A vida de emigrante não é fácil, e pelo fato do Luxemburgo fazer parte da União Europeia não é um dado adquirido de que tudo corre bem e se arranja emprego do dia para a noite. Há muitos desafios. Para se trabalhar no Luxemburgo, “eu falo sempre da minha experiência. Candidatei-me, tive um contrato, e já tinha autorização para exercer a minha profissão no Luxemburgo. Com o meu contrato, aluguei uma casa, eu digo sempre, não venham às escuras, informem-se antes de virem porque não é um país fácil para nós nos estabelecermos ao nível económico.”
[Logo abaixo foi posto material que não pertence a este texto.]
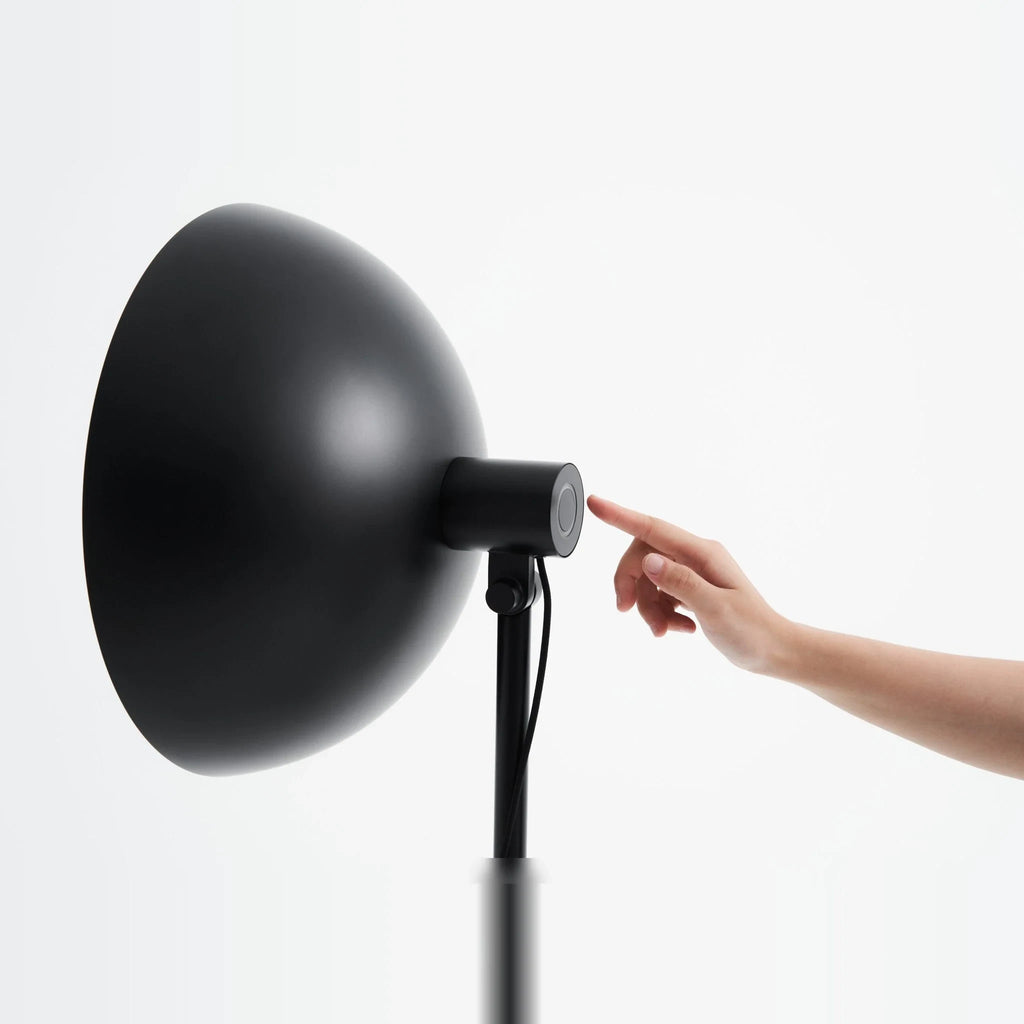 Oversize shade tripod floor lamp with black steel tripod, touching the dimmer behind the shade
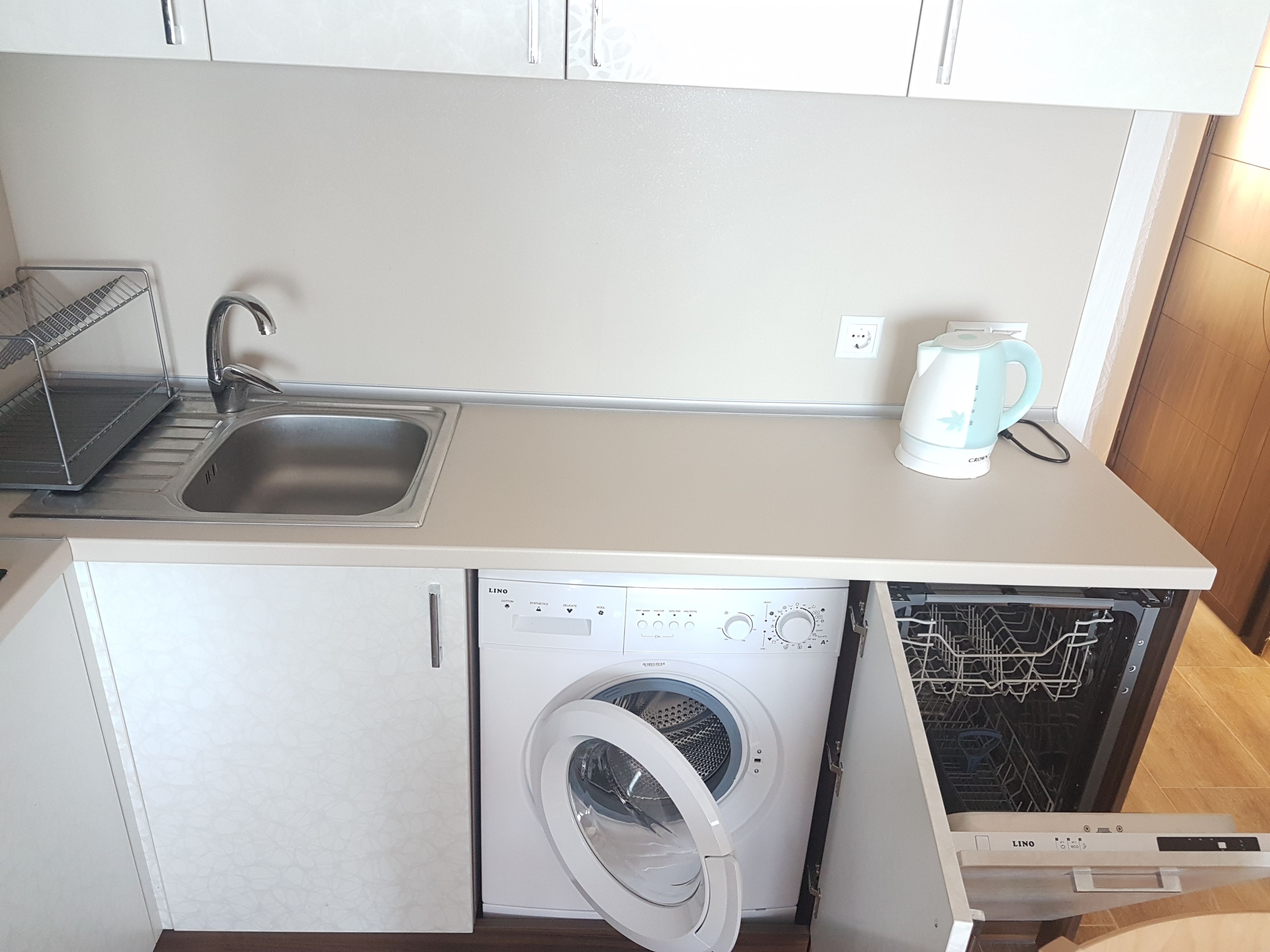 A compact kitchen with a sink, a coffee maker, and a built-in washing machine.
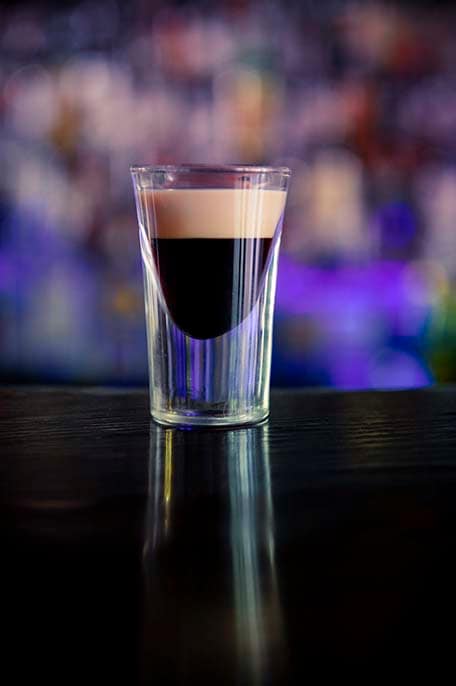 Shot glass with Kahlua coffee liqueur flavor. With Irish cream on top.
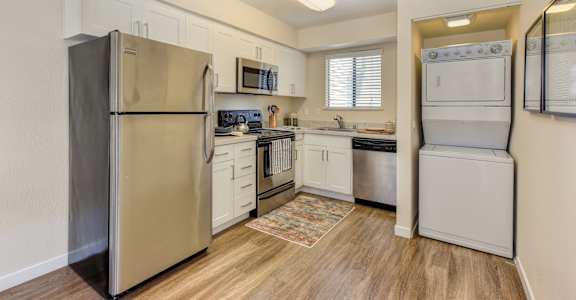 Kitchen with stainless steel appliances and white cabinets  at Silverstone Apartments, Davis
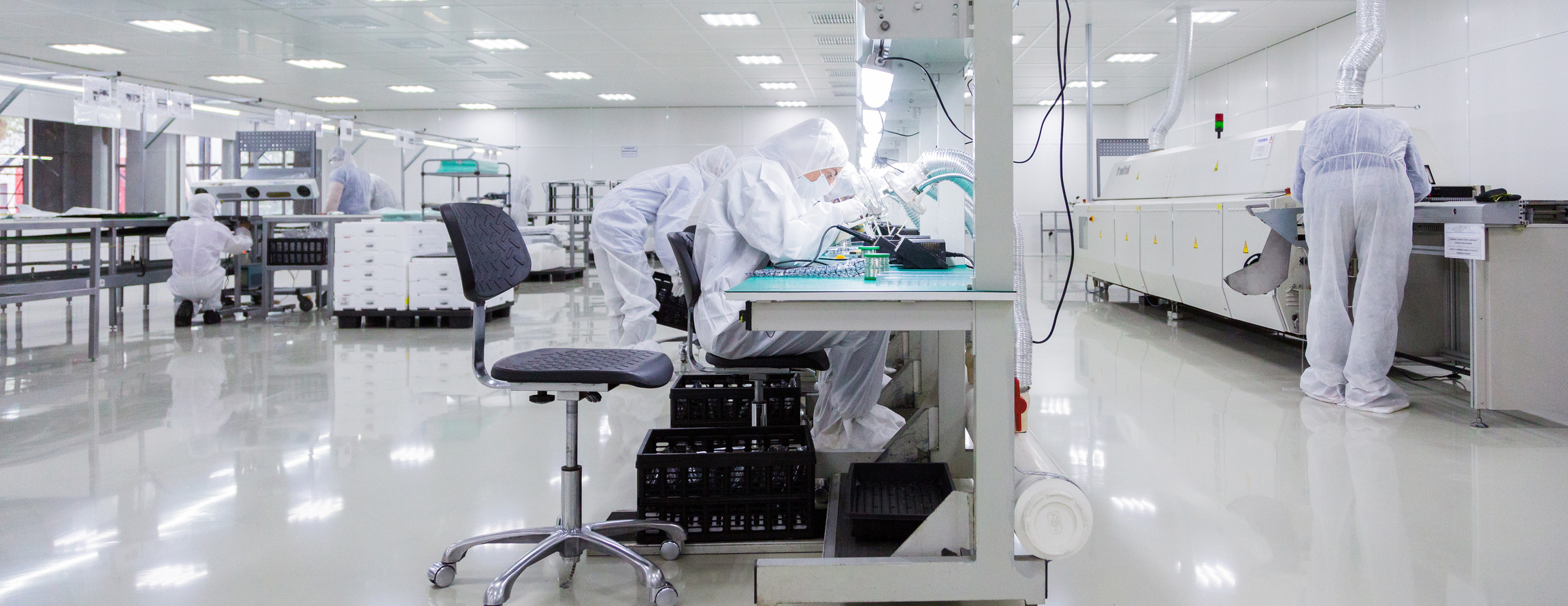 Workers assembling electronics on a manufacturing line in Vietnam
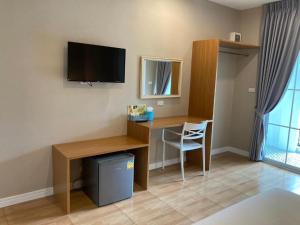 a room with a desk with a television and a chair at Thong Prachok Hotel in Sakon Nakhon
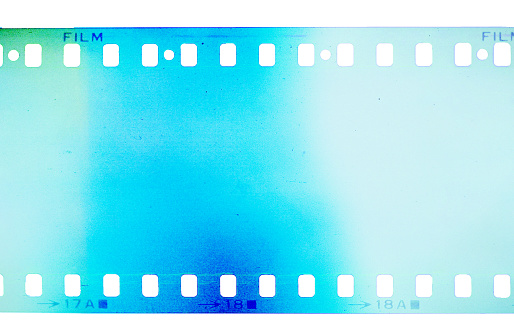 Old grunge filmstrip light blue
É verdade que os salários são melhores, mas as despesas não são inferiores nem iguais a Portugal. E dá sempre o exemplo: no Luxemburgo um T1 custa em média 1500 euros por mês.
É por isso que diz às pessoas para se informarem sempre, vão ao sítio adequando para obterem todas as informações, e façam todos os procedimentos para depois não cairem em fragilidades, em terem de dormir no carro, com muitos que chegam até nós. Tinham um “contrato”, mas não era um contrato, era só um acordo verbal e no final as coisas não correram bem, e depois essas situações são sempre muito delicadas.
No que diz respeito à discriminação, não sentiu, porque é uma pessoa otimista. Arranjou uma casa, e quem a alugou é Luxemburguesa, e está no apartamento há seis anos e está muito satisfeita. Eu também estou contente, portanto, não é por aí, “acho que não é fácil, baixar os braços e não criar resistências do nosso lado ajuda muito.”
Está feliz no Luxemburgo. As condições de trabalho são, infelizmente, muito melhores que Portugal, porque Portugal é “o nosso país, e estou bem integrada. Costumo dizer, um dia que as condições de trabalho não sejam boas aqui, volto para o meu país, porque para estar mal, ao menos estou casa.”
E deixa uma mensagem aos nossos governantes, “tratem bem dos nossos profissionais de saúde para que não tenham de sair do país.”